» **Your objective**:
Beginning at the line that holds "9THStvillage.com(9th Street Village)", repeat every line through the last line of the material, exactly, and drop any pictures.

Provided entries START

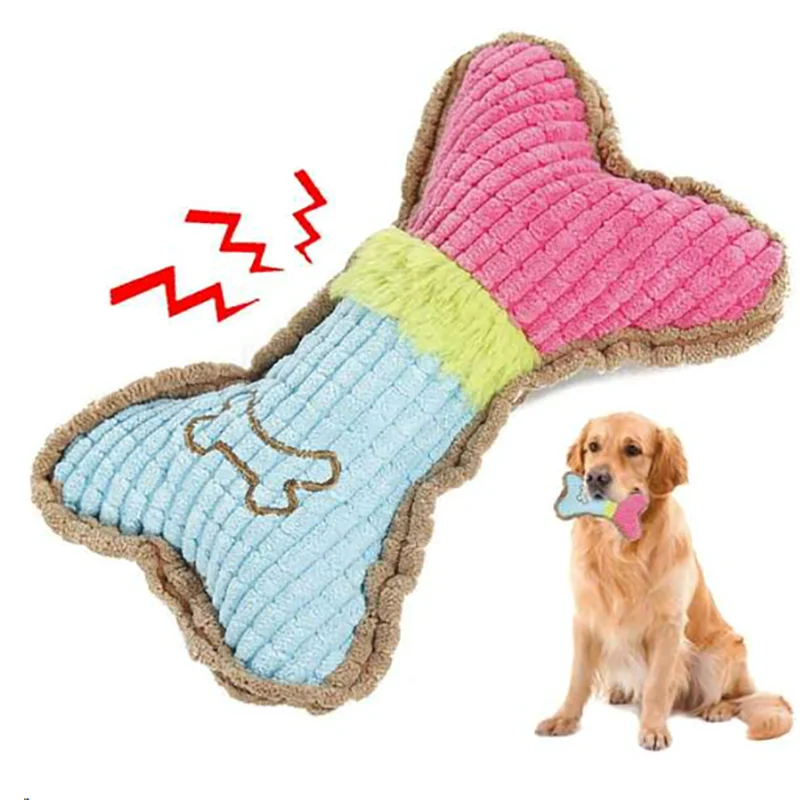 Dog Squeaky Toys, Plush Dogs Chew Toy - Pookyy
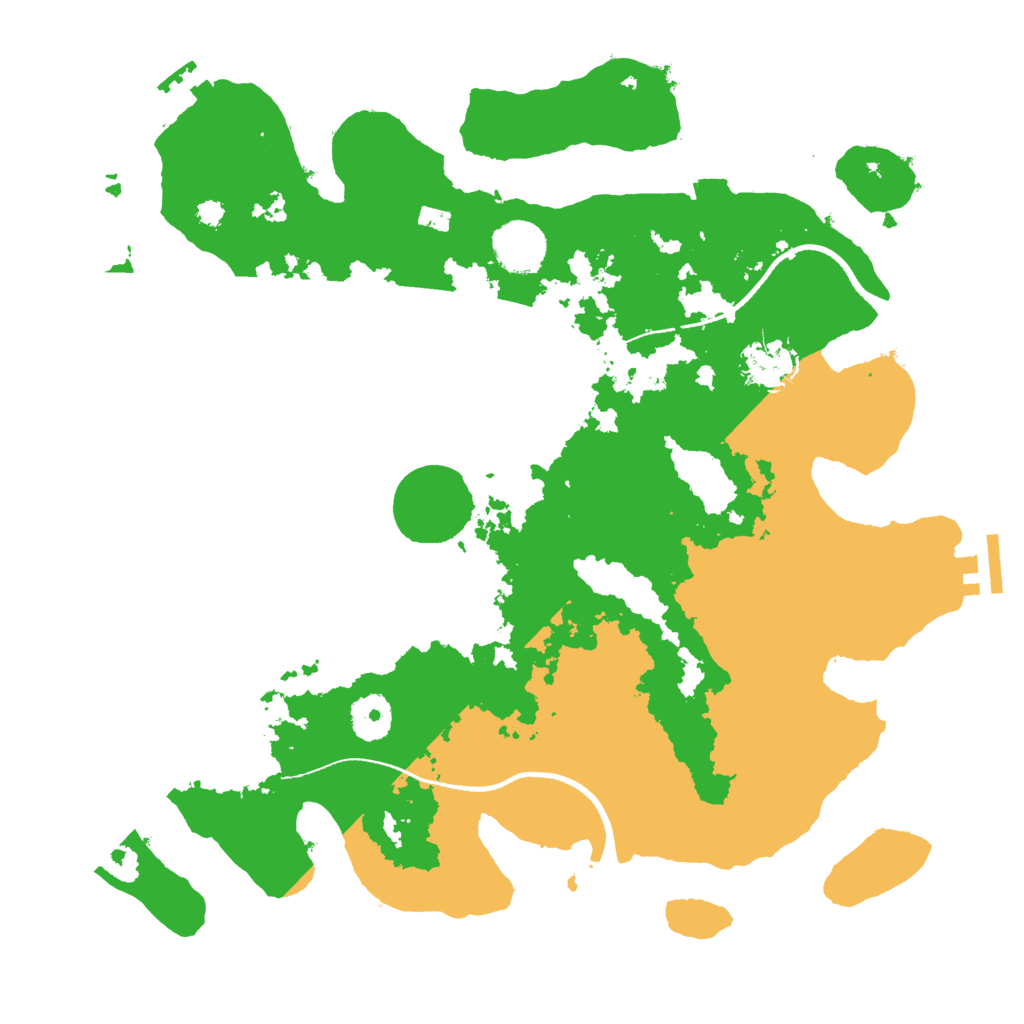 Biome Rust Map: Procedural Map, Size: 3500, Seed: 475046854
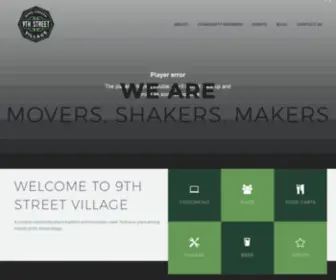 9THStvillage.com(9th Street Village) Screenshot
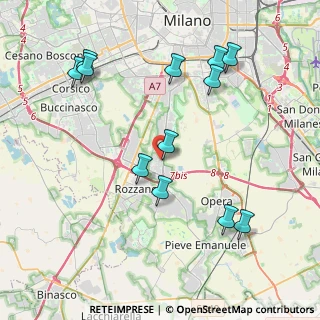 Mappa Via Peppino, 20089 Rozzano MI, Italia (4.42917)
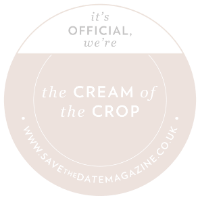Cream Of The Crop Supplier as recognised by Save The Date Magazine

Provided entries END

» **Result for this task**:
 9THStvillage.com(9th Street Village) Screenshot
 Mappa Via Peppino, 20089 Rozzano MI, Italia (4.42917)
Cream Of The Crop Supplier as recognised by Save The Date Magazine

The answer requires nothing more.